(Source data)

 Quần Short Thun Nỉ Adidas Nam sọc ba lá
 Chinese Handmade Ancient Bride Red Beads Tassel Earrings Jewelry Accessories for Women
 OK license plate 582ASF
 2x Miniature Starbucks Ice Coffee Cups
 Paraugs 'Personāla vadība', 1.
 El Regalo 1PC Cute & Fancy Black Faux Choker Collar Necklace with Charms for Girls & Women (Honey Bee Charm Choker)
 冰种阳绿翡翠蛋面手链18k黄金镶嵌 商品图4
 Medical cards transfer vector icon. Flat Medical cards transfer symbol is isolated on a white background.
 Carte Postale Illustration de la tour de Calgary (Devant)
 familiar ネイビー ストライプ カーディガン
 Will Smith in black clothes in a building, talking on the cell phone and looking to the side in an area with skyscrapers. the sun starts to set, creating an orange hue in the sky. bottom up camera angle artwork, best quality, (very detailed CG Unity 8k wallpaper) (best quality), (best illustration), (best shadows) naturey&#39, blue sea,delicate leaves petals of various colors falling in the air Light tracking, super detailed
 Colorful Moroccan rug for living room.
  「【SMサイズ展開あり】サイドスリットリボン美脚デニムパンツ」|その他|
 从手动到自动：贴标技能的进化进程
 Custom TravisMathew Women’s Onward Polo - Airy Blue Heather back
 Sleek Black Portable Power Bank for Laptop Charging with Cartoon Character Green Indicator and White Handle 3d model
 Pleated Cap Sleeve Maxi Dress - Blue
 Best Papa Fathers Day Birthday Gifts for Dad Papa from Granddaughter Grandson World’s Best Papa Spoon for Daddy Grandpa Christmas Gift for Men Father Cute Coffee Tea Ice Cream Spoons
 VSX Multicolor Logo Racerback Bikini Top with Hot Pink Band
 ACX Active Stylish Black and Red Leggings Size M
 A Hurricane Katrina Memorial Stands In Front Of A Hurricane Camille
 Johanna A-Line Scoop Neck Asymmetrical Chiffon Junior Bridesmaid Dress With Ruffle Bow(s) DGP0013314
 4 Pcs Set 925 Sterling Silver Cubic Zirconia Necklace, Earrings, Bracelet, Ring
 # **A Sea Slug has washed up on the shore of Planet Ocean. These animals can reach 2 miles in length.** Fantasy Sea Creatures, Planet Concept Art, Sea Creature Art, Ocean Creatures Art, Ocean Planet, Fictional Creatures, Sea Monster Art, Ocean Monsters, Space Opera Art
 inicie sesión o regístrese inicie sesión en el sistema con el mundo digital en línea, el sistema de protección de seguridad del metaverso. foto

_WHAT IS EXPECTED_. Within the entries above, find every line where the string "Dress" occurs, and copy it.

_FINISHED TASK_.
 Pleated Cap Sleeve Maxi Dress - Blue
 Johanna A-Line Scoop Neck Asymmetrical Chiffon Junior Bridesmaid Dress With Ruffle Bow(s) DGP0013314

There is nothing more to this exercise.